It has been a very painful time for many of the oil companies that launched because of high prices. For years they reaped the benefits of nearly US$100/barrel oil, borrowing money to ramp up production. However, since the price has plummeted, these companies have suffered.
But there are a few that have been doing really well. One in particular is Suncor Energy Inc. (TSX:SU)(NYSE:SU), one of Canada’s largest oil operations. As oil prices start to climb out of the hole, Suncor will be in a prime position to see tremendous growth.
Suncor has been able to gobble up many high-quality assets owned by companies suffering from too much debt and not enough revenue.
Suncor announced that it was acquiring Canadian Oil Sands Ltd. for $6.9 billion, increasing its exposure to the Syncrude project from 12% to 49%. Soon after, it added a 5% stake of Syncrude from Murphy Oil for $937 million. While it won’t actively manage the project, Suncor will still generate the bulk of the oil from it with an additional 146,000 daily barrels.
This alone would be a huge move for Suncor, but its CFO alluded that it needs to continue acquiring more assets, so it can reach its ultimate goal of producing 800,000 barrels of oil a day by 2019. This would be a 40% increase to current production.
There are two places Suncor might look to acquire further oil.

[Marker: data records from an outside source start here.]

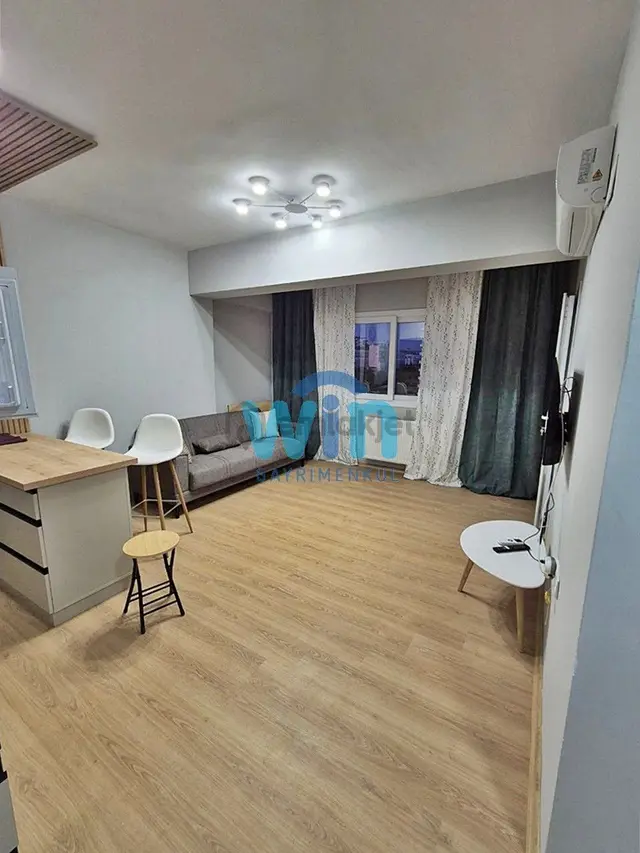 Win Gayrimenkul'den Kocahasanlı'da Site İçerisinde Kiralık 1+1 Daire 3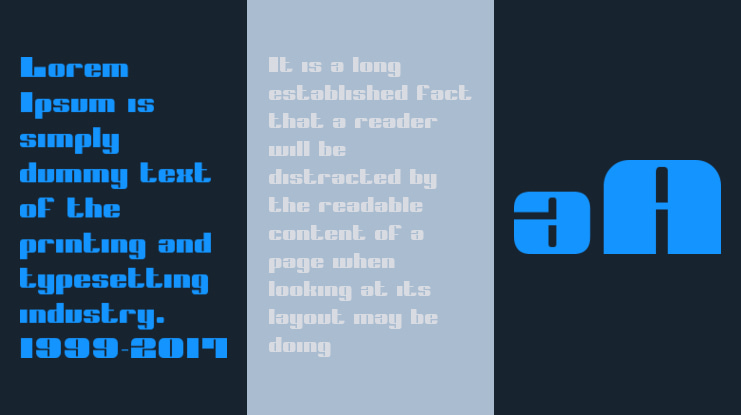 Nolo Contendre Font Family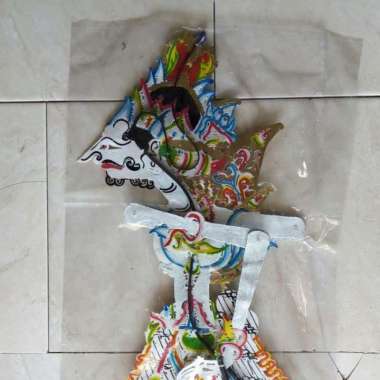 WAYANG KULIT BALADEWA PUTIH
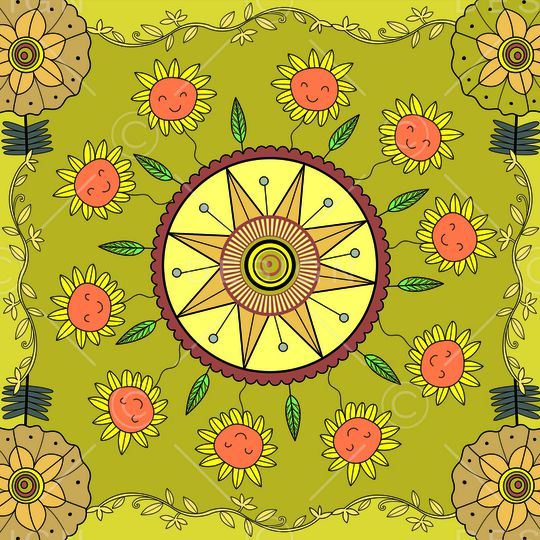 时尚印花华亿平台图片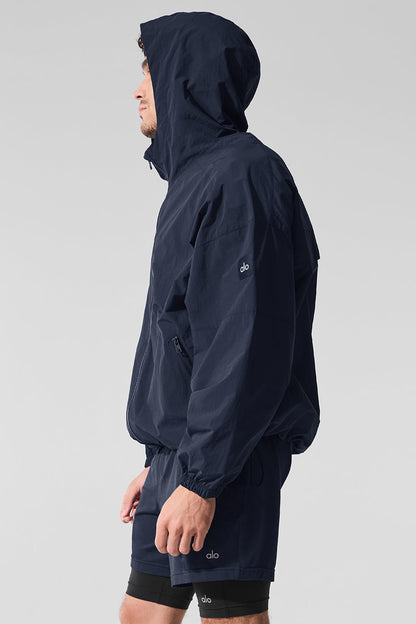 Veste De Survêtement En Nylon Ripstop Vantage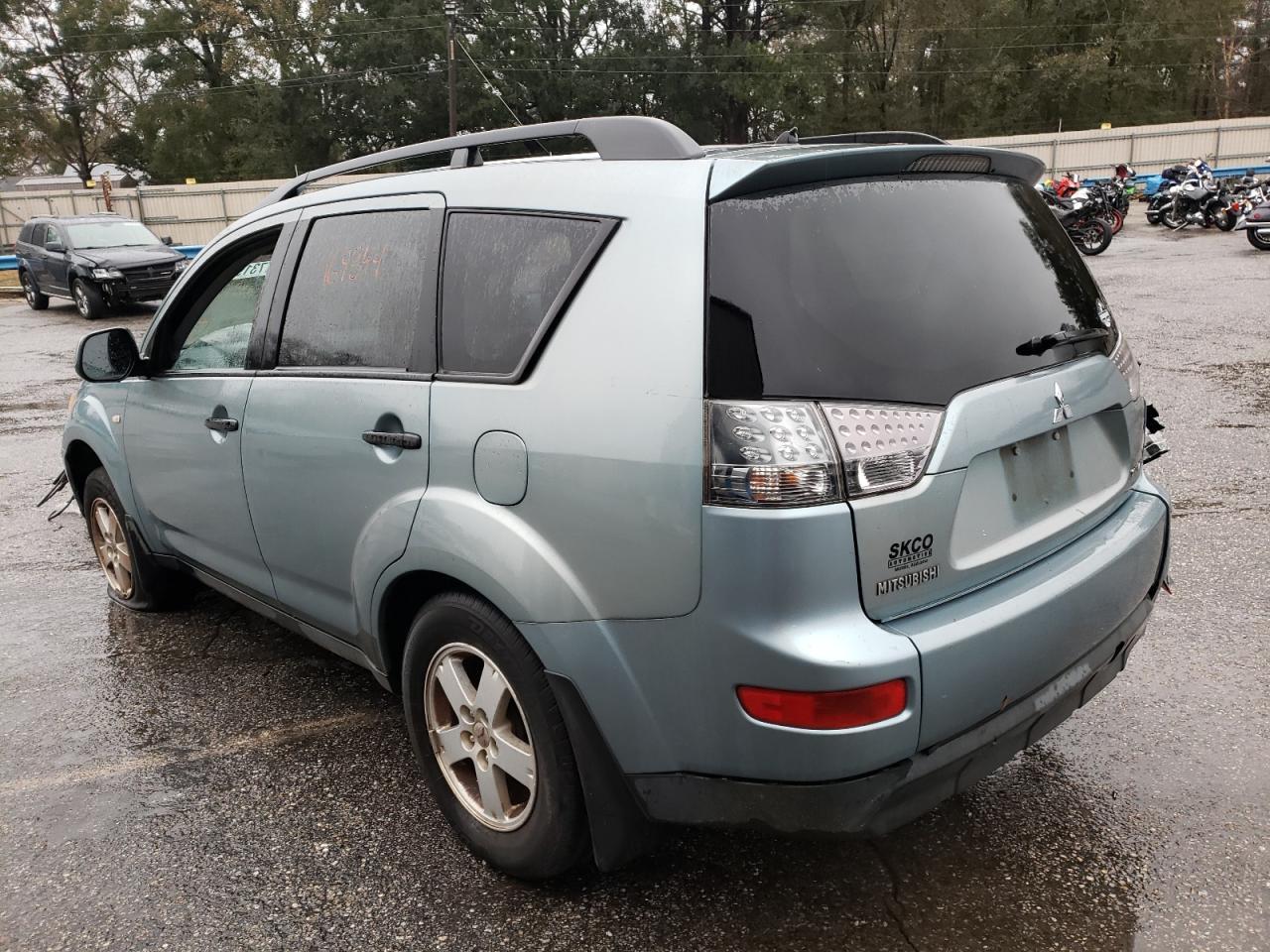 2007 Mitsubishi Outlander Es - Фото 2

The first is at the Fort Hills oil sands project, which it has a stake in. It purchased a 10% stake last year, but analysts at CIBC Capital Markets believe that the 29% stake of Fort Hills that French giant Total S.A. owns is a prime target. This would cost Suncor an estimated $1.9 billion, but the company recently raised a $2.5 billion equity round, so it has more than enough resources to make itself stronger.
To further expand its exposure to Fort Hills, Suncor could look to acquire the stake that Teck Resources Ltd. holds in the project, giving Suncor nearly total control of the project.
One place that I expect to see Suncor expand is in deepwater oil exploration. In the Shelburne Basin off Nova Scotia, Suncor owns 20%. Its partner in the project, ConocoPhillips, announced that it wanted to get out of the deepwater business entirely, so that might be a good place for it to start.
But there’s another place that Suncor benefits from: refining.
Unlike other oil companies, Suncor is fully integrated: it pumps the oil and then ships it to one of its refineries, allowing it to earn revenue on all aspects of the business. Analysts predict that Suncor could try to buy a couple of refineries from Royal Dutch Shell.
Suncor built its business with the expectation that $100/barrel oil couldn’t last forever. And when prices finally dropped, the company was in a prime position to dominate by acquiring over-leveraged competitors.
If oil prices continue to rise, I expect Suncor’s price to rise with it. Buying shares now, while they’re a little expensive, could turn out to be a smart buy.